Following the propagandist double-speak gushing forth from the Obama administration over when a "boot on the ground" in Syria is a "boot on the ground," the following photographs via Agence France-Presse confirm US special operation forces in a rural village 40 miles from Raqqa. As The Guardian reports, the Pentagon press secretary, resisted commenting on the photographs and would only describe the US special operations forces’ mission in generic terms, despite the fact that these troops are at the frontline of fighting when President Obama assured America that forces are consistently behind the forward lines.

In April, State Department spokesman John Kirby attempted to change the narrative in a stumbling proposterous way denying President Obama had ever said "no boots on the ground" in Syria...

And here’s the relevant transcript:

“Kirby: there was never this – there was never this, “No boots on the ground.” I don’t know where this keeps coming from.

 

Question: But yes there – well, yes, yes, there was.

 

Kirby: There was no – there was – no there wasn’t. There was –

 

Question: More than –

 

Question: What?

 

Kirby: We’re not going to be involved in a large-scale combat mission on the ground. That is what the President has long said.”

To anyone who has been following this, Kirby’s argument is patently absurd. The President told the BBC less than twenty-four hours previously that there would be “no boots on the ground” – and then his administration announced that 250 more booted US soldiers would be treading Syrian ground. Not only that, but prior to the summer of last year, the President assured the American people there’d be no “boots on the ground” a total of sixteen times.

As George Orwell dramatized in Nineteen Eighty-Four, and also in this memorable essay, the degeneration of language into an instrument of concealment is one of the hallmarks of the modern age.

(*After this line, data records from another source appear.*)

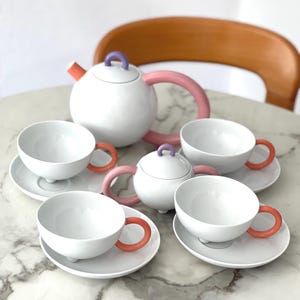 May include: A white ceramic tea set with a teapot, sugar bowl, and four teacups on saucers. The teapot has a pink handle and orange spout. The teacups have orange handles. The sugar bowl and teapot have purple handles. A modern tea set.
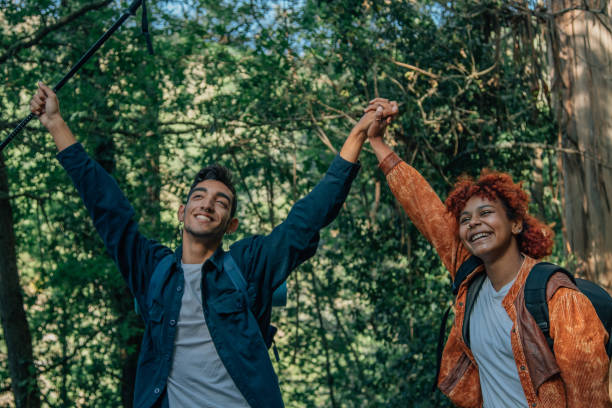 istock happy young couple with backpacks in nature on excursion or trip practicing hiking 1811129269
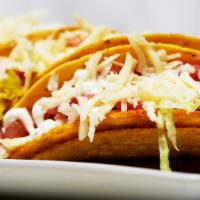 Crispy Taco · 1 piece. Crispy corn tortilla filled with lettuce, tomatoes, sour cream, cheese, and your ch...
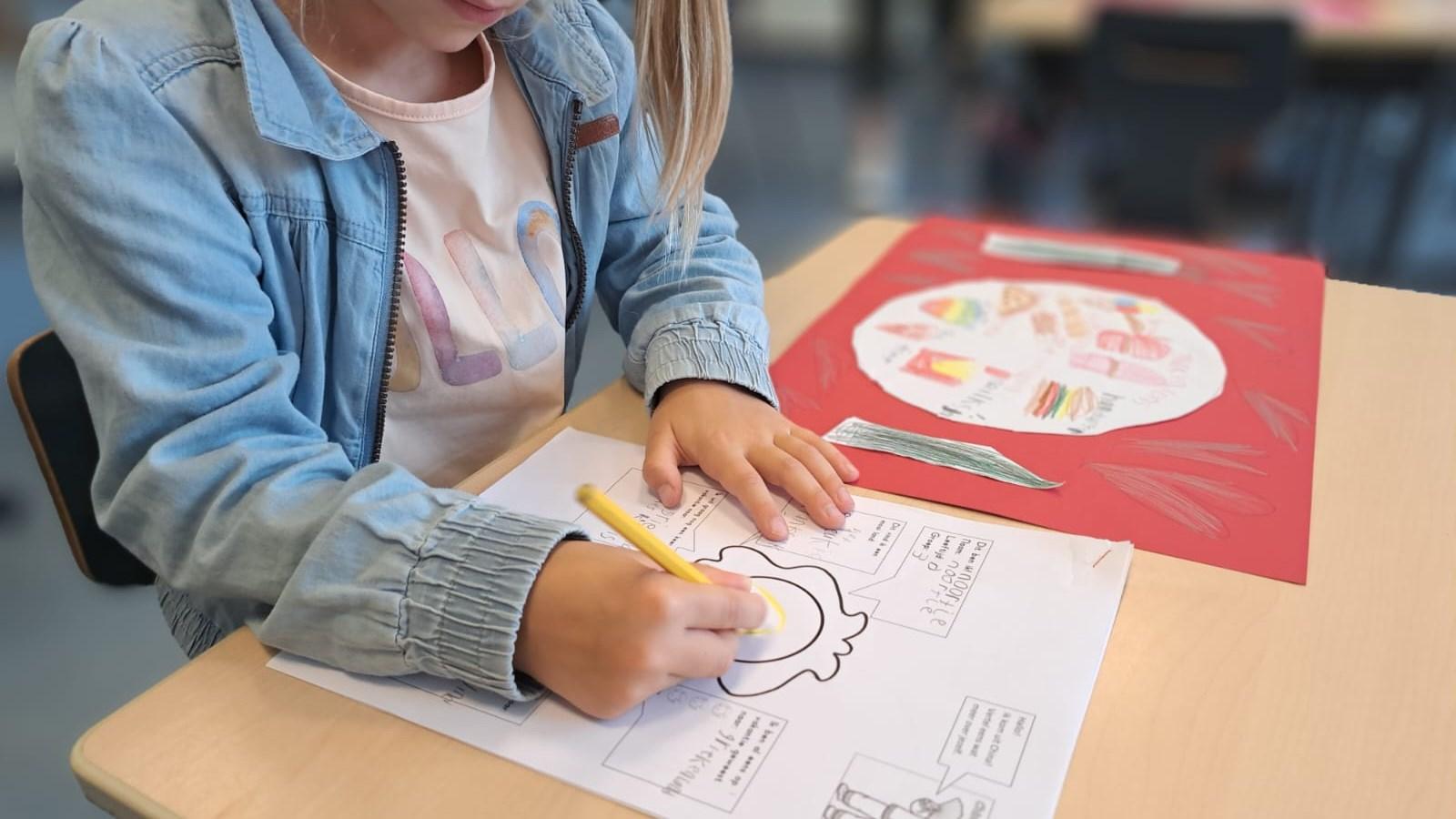 Een leerling van de Oranje Nassauschool in Geldermalsen is bezig met tekenen en schrijven op een schooltafel. Een leerling van de Oranje Nassauschool in Geldermalsen is bezig met tekenen en schrijven op een schooltafel.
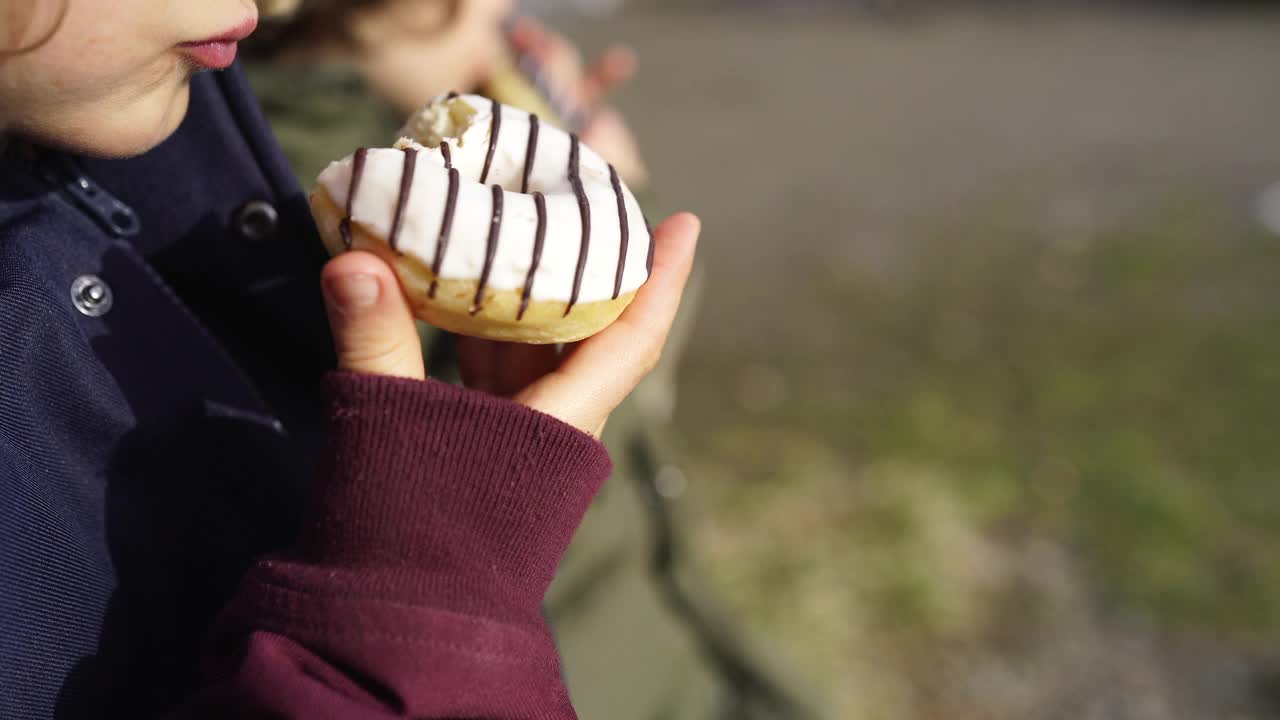 两个孩子坐在长凳上吃甜甜圈视频素材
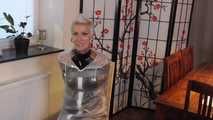 Miss Francine is bound and gagged in a nice short PVC dress covered with a transparent raincoat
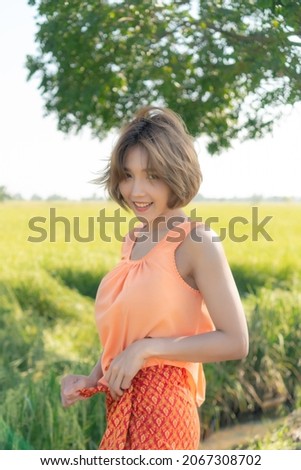 Asian woman. Wearing an orange shirt. Standing in a field.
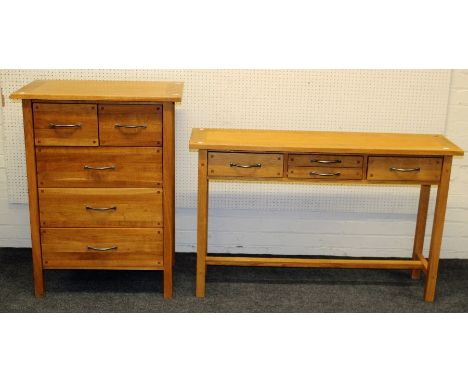 A 2012 Laura Ashley light oak side table, the rectangular top over four drawers on square supports, 80 x 130 x 35cm, together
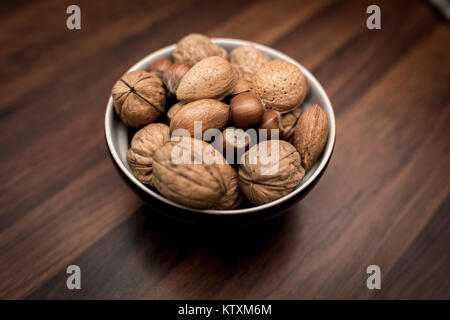 Eine Schüssel gemischten ganze Nüsse in der Schale, einschließlich Walnüsse, Haselnüsse, Mandeln und Pekannüsse mit eine kurze Schärfentiefe Stockfoto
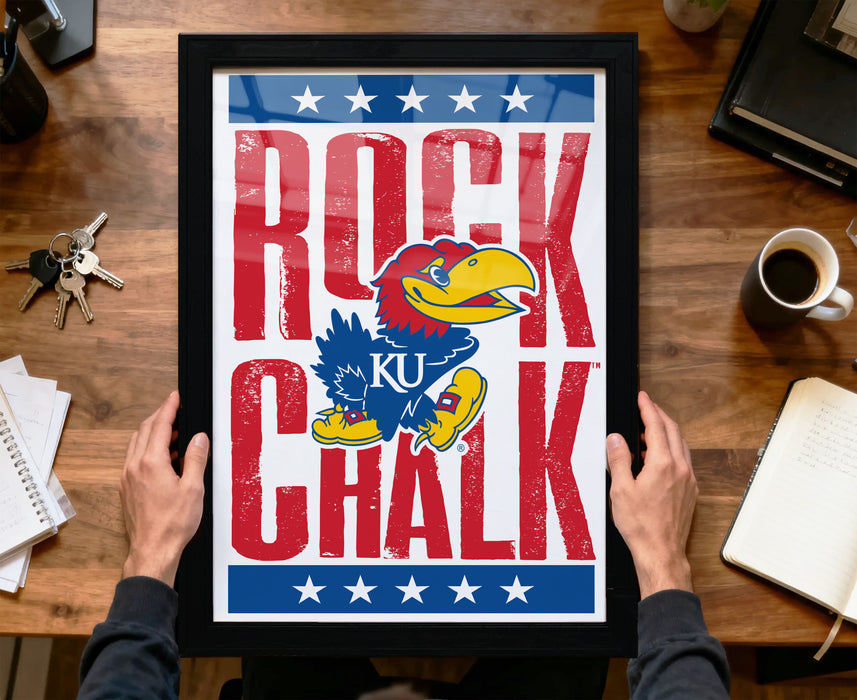 A framed poster featuring a cartoon bird character with the text "ROCK CHALK" prominently displayed.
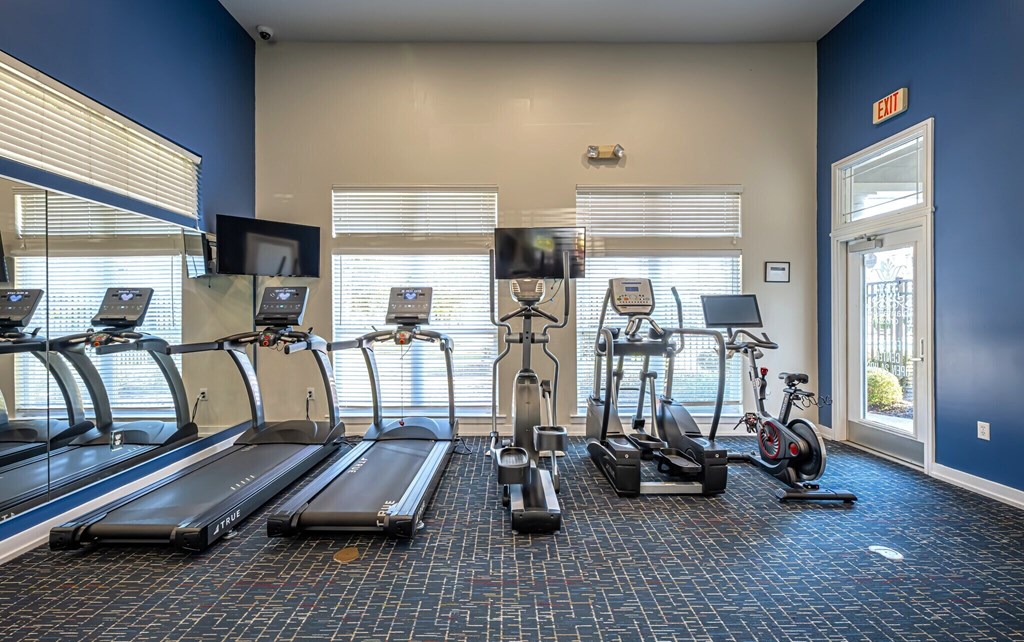 A gym with treadmills, elliptical machines, and stationary bikes.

In the novel, there is a vast apparatus concerned solely with erasing the past in order to justify the actions of the present: the Obama administration doesn’t have the power to do that, and yet thinks it can achieve the same ends by simply denying what everyone knows to be true, as shown by Kirby’s surreal exchange with reporters.

And now, as The Guardian reports, we have proof that not only was Kirby lying about the president's words, but the boots on the ground are far closer to the frontlines than Obama had ever admitted to the American public...

Elite US military forces have been photographed for the first time in Syria as they join largely Kurdish forces on an advance toward, Raqqa, the Islamic State terror group’s capital.

 

 

A photographer with Agence France-Presse captured US special operations forces with Kurdish forces known as the YPG, part of the US-mentored Syrian Democratic Forces, in a rural village less than 40 miles from Raqqa. Some US troops wear the insignia of the YPG in an apparent show of support.

Peter Cook, the Pentagon press secretary, resisted commenting on the photographs and would only describe the US special operations forces’ mission in generic terms... More lies....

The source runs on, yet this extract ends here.